CONCLUSION: RESISTING PRIVILEGES

In some ways, the "identity privilege" lists in this essay represent the very early stages in a complicated process of dismantling male het­erosexual privilege. The lists reveal that our identity privileges are le­gitimized through the personal choices we make everyday. All of us make choices that facilitate discriminatory practices. Many of us get married and/or go to weddings, notwithstanding that gay marriages are unrecognized. Others of us have racially monolithic social en­counters, live in white only (or predominantly white) neighborhoods, and send our kids to white only (or predominantly white) schools; still others of us have "straight only" associations. These choices are not just personal, they are political as well. And the cumulative effect of these micro-political choices is the entrenchment of the very social practices—racism, sexism, classism, and homophobia—we profess to abhor.93

My purpose in constructing the "identity privilege" lists is to suggest that identity privilege should be self-referentially contested. We have to remake ourselves if we are to remake our institutions. We cannot hope to institutionalize our political commitments unless we localize our politics. Joining a de facto white only country club and challenging the politics of racial segregation won’t do. The former helps to facilitate the latter.

The value of conceptualizing privilege micro-politically is that it forces all of us to think about the extent to which, on a very personal level, we are "unjustly enriched" because of certain aspects of our identities. If we observe and come to terms with the "unjustly en­riched" aspects of our personal lives, we are more likely to take notice of the ways in which unjust enrichment operates systemically.

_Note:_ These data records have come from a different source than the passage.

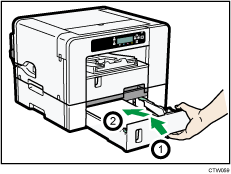 Ilustração da unidade de alimentação de papel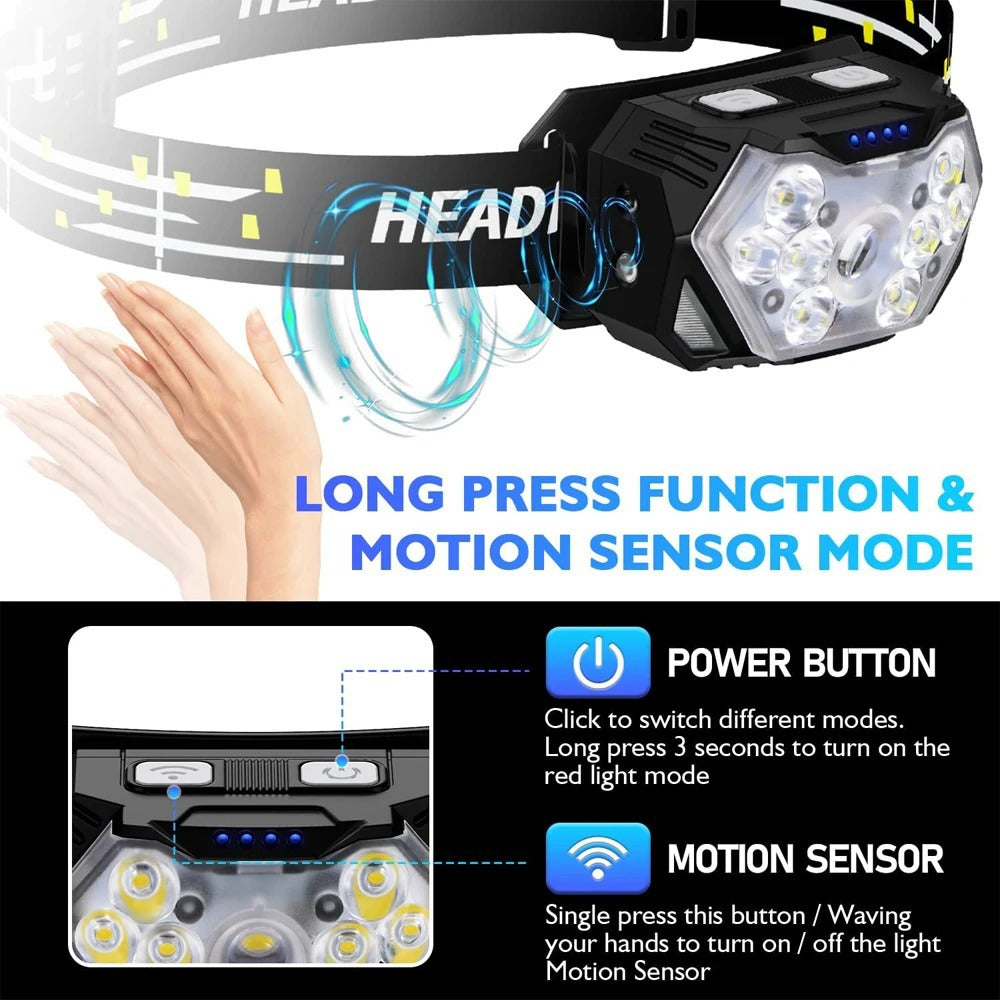 USB Rechargeable 9 LED Motion Sensor Headlamp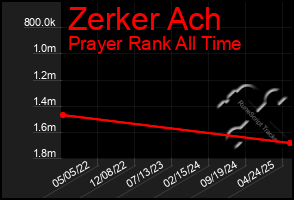 Total Graph of Zerker Ach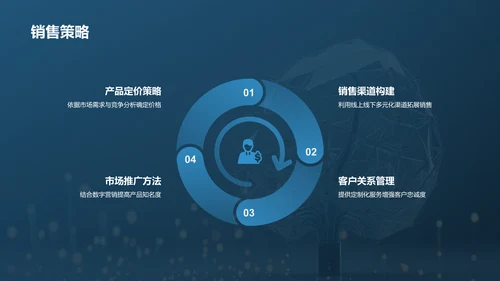蓝色科技风软件交互集成PPT模板PPT模板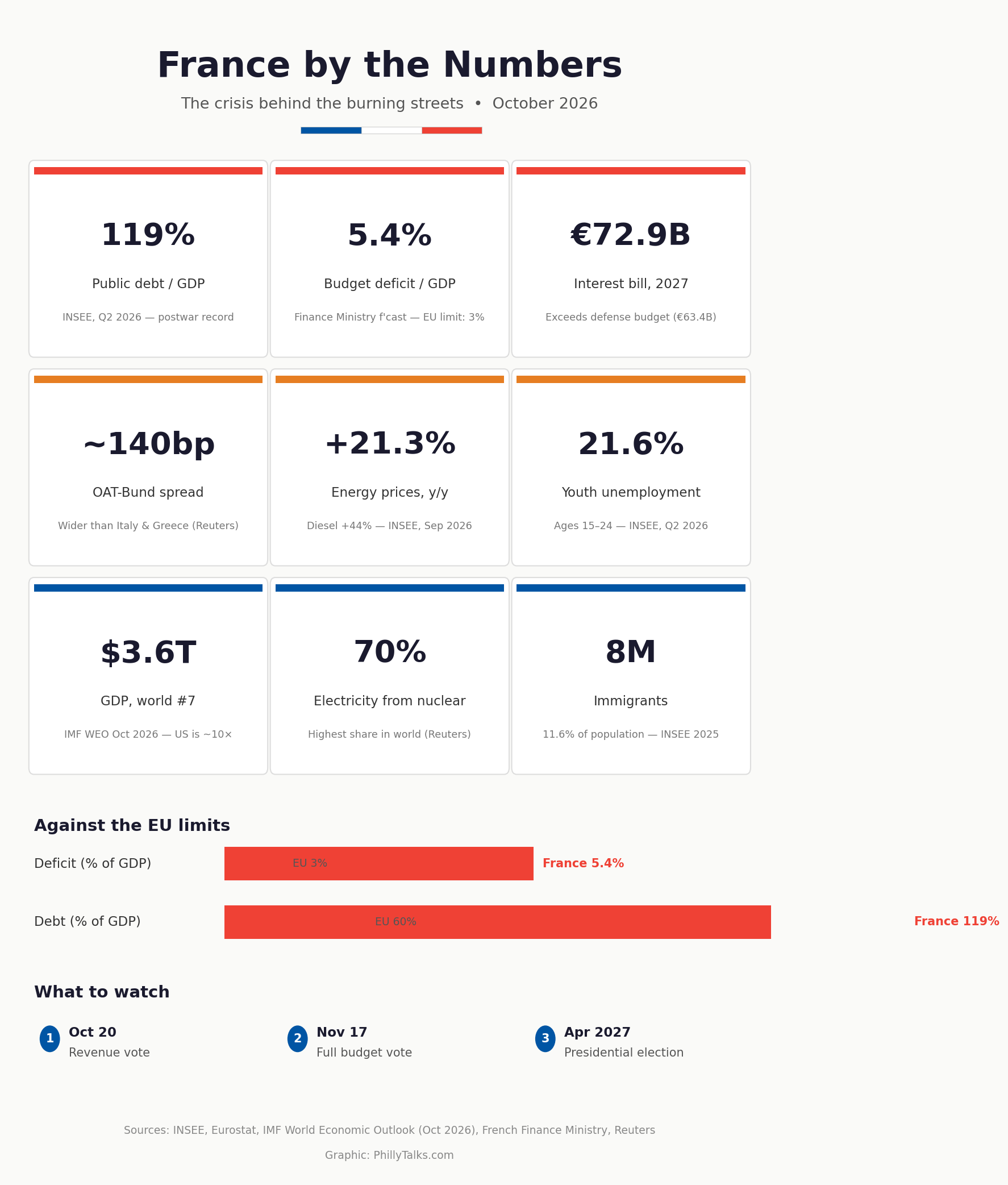 France by the Numbers infographic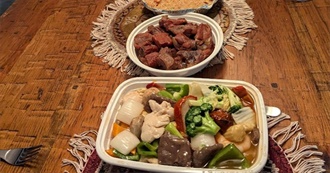 Big T&#39;s Food Eaten Today 731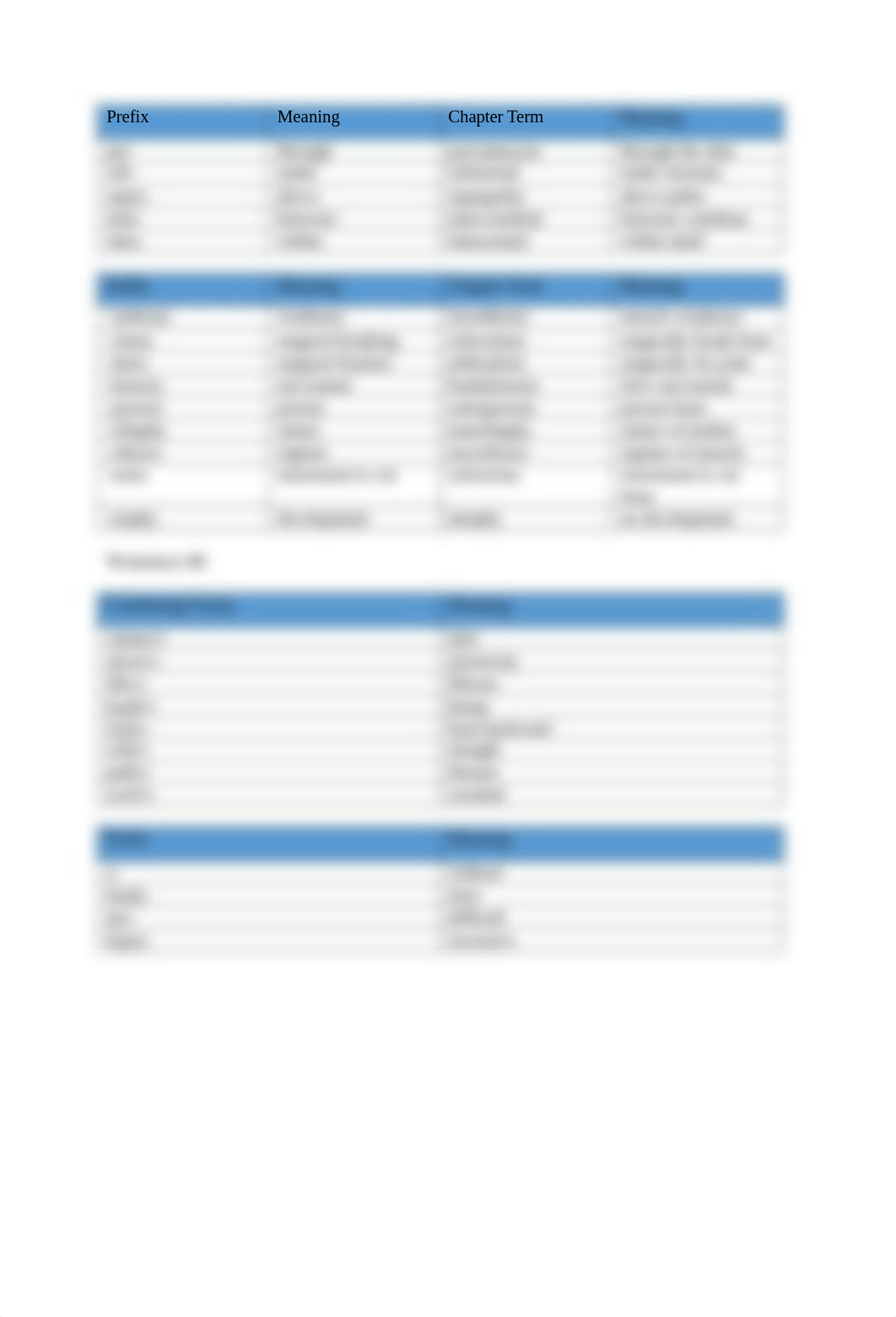 med term chapter 6 .docx_d5jpjhcbwa9_page2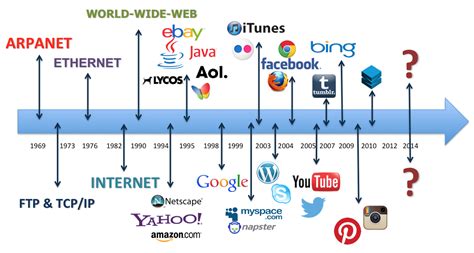 'zeitstrahl' ist ein alternativer begriff für 'zeitleiste'. evolution of internet | Internet history, Internet ...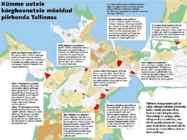 Maailmarahvastik ja rahvastikuprotsessid #52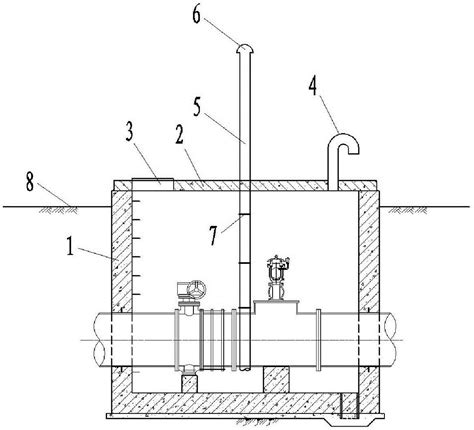阀门井大样图-给排水节点详图-筑龙给排水论坛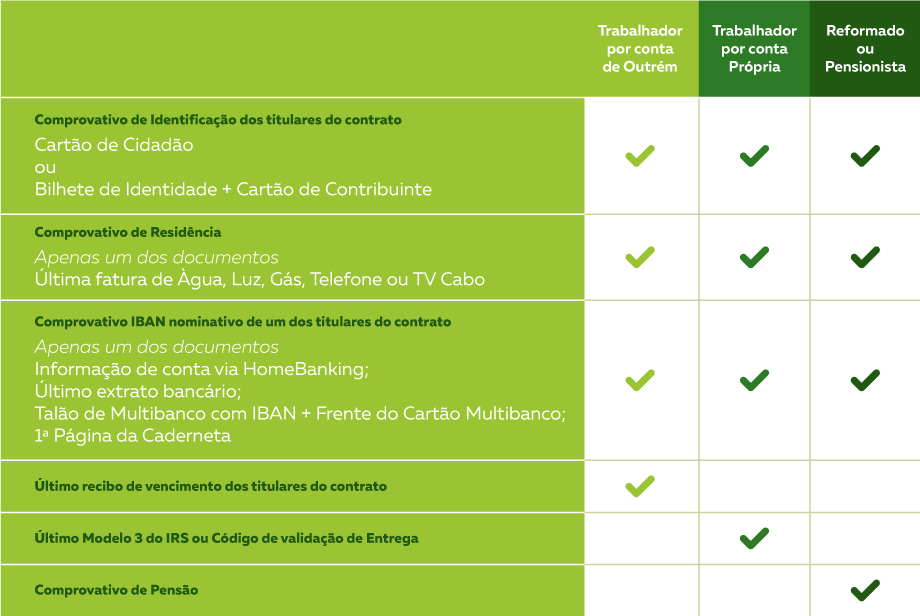 Documentos necessários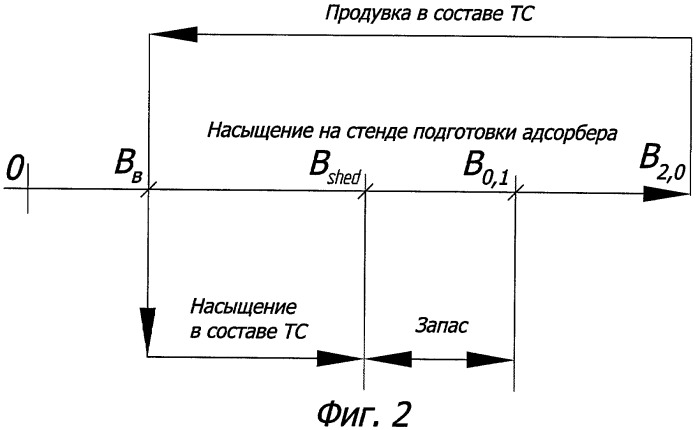 Способ определения оптимальной поглощающей способности адсорбера транспортного средства (патент 2436990)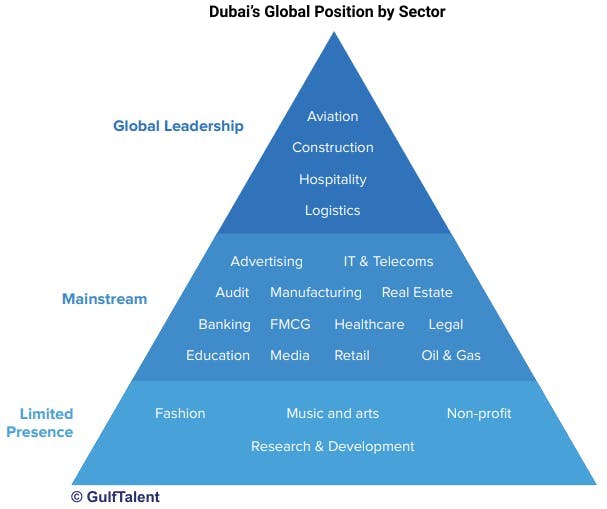 Dubai's Global Position by Sector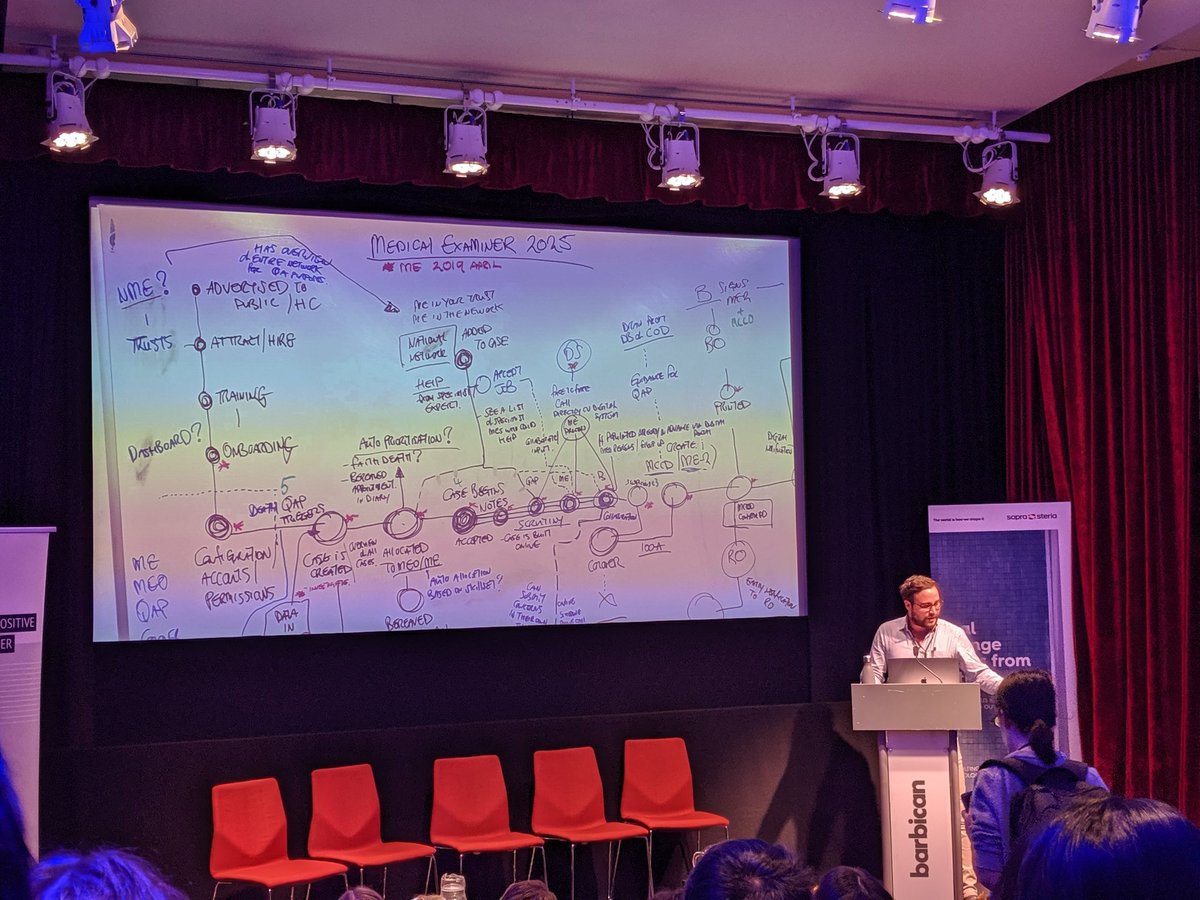 ali_gomeztapias's tweet photo. Digitalising the death process with @BGrose25 Creating something that didn't exist #servicedesign #SDFF2019 https://t.co/t2wighmMvz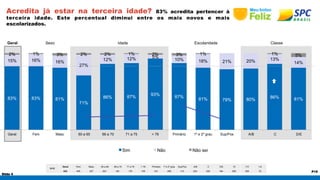 2% 1% 3% 2% 2% 1% 2% 3% 1% 1% 5% 
83% 83% 81% 
71% 
86% 87% 93% 87% 81% 79% 80% 86% 81% 
15% 16% 16% 
27% 
12% 12% 5% 10% 18% 21% 20% 13% 
14% 
Geral Fem Masc 60 a 65 66 a 70 71 a 75 > 76 Primário 1º e 2º grau Sup/Pos A/B C D/E 
Sim Não Não sei 
Slide 4 
P15 
Acredita já estar na terceira idade? 83% acredita pertencer à 
terceira idade. Este percentual diminui entre os mais novos e mais 
escolarizados. 
Geral Sexo Idade Escolaridade Classe 
BASE 
Geral Fem Masc 60 a 65 66 a 70 71 a 75 > 76 Primário 1º e 2º grau Sup/Pos A/B C D/E 10 7-9 1-6 
632 405 227 203 145 179 105 231 288 113 203 245 184 256 306 70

Of course, there are material costs incidental to the repudiation of personal privileges. People have little incentive to see themselves as unjustly enriched, for that carries with it the possibility of disgorge­ment. And what would it mean to resist privilege anyway? With re­spect to gay marriages, for example, does resistance to heterosexual privilege require heterosexuals to refrain from getting married and/or attending weddings? This essay does not explore these hard issues. I leave to others the task of theorizing about the various forms that critical resistance to identity privileges might take.